Nous demandons également au gouvernement de continuer à soutenir l’introduction d’une taxe sur les transactions financières via une coopération renforcée au sein

de l’Union européenne, puis à l’échelle de l’ensemble de l’Union européenne et à l’échelle internationale.

 

Troisièmement, de plaider activement, en concertation avec les autres États membres de l’Union européenne, pour que, dans le cadre de la mise en œuvre d’une coopération renforcée dans le domaine de la TTF, une partie des ressources

ainsi générées soit consacrée à offrir une aide additionnelle à la Coopération au développement, aux niveaux national et européen.

 

Pour rappel, en juin 2011, mon groupe avait déjà déposé une proposition de loi visant à instaurer un prélèvement de 0,05 % sur les transactions financières.
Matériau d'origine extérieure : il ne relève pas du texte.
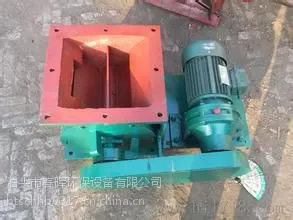 08星型卸灰阀220锁风阀叶轮给料器生产厂家报价 春晖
Cette proposition prévoit que les bénéfices de la TTF pourraient être ainsi utilisés

dans le budget de l’État pour financer un plan de relance, mais également pour la Coopération au développement.

 

Au-delà de l’apport de nouvelles sources de financement, la question soulevée par le débat sur les sources innovantes de financement au développement concerne

également la gouvernance et l’utilisation de ces sources et la cohérence des politiques de développement. C’est en ce sens que la demande 4 a été rédigée.

 

Pour ce qui est de la gouvernance mondiale, les taxes et autres prélèvements, au-delà de l’apport de nouveaux fonds, servent aussi à réguler un comportement susceptible de porter atteinte aux objectifs internationaux de développement, tels

que les émissions de gaz à effet de serre, les spéculations financières et d’autres.

 

Dans le cadre de ce débat important sur la recherche de nouvelles ressources et de leur utilisation, dans les différents forums européens et internationaux, notre pays doit continuer à faire entendre sa voix pour aussi déployer son expertise. C’est la demande 5.

 

Actuellement, les débats en cours au niveau de la présidence tournante du Conseil européen et de la communauté internationale sur les fonds « climat vert » en vue de la prochaine conférence des Nations unies sur les changements climatiques, notamment à Varsovie en novembre de cette année, en seront l’illustration. En effet, si ce fonds n’est pas encore opérationnel, celui-ci doit avoir un mandat clairement défini et devra être alimenté d’ici à 2020 avec des sources innovatrices à hauteur de 100 milliards de USD. C’est la demande 6.